Back in the mid ’00s, before we learned that hard plastics will kill us all, I carried a one-quart Nalgene water bottle with me everywhere and drank an amount of water that would drown most marine plants. Hydration is great and all that, but my bottle had a four-inch opening, and as far as coordination was concerned, I might as well have stuck my head in a stock tank.
Raising that bottle to my mouth was like trying to drink from a bucket on horseback at sea in a hurricane. With seizures.
I routinely ended up with drool-like rivulets cascading onto my clothing, particularly if I was preparing to look trustworthy and professional.
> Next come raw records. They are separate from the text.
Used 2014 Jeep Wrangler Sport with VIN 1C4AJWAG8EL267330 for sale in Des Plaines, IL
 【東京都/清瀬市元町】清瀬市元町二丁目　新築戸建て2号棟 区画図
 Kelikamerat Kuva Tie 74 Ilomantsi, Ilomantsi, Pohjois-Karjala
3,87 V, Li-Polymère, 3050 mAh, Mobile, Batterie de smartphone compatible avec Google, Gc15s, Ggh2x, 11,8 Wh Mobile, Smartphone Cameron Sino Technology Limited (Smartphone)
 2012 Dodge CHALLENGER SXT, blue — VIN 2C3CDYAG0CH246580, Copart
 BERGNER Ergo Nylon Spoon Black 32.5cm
Since then I’ve replaced my Nalgene with a series of stainless steel bottles whose neck sizes ranged down to one inch, including one with a straw, and I still manage to spill all over myself at least twice a day. Plus, life events keep requiring me to drink out of cups and glasses containing things like red wine or Great Bluedini Kool-Aid, for which “just let it dry out” is not a viable solution.
I need to either gain more muscle control or invest in a cut-glass sippy cup.
UPDATE: I poured both tea and water down my face while writing this. I’m starting to understand why my parents didn’t like to let me have purple grape juice as a child.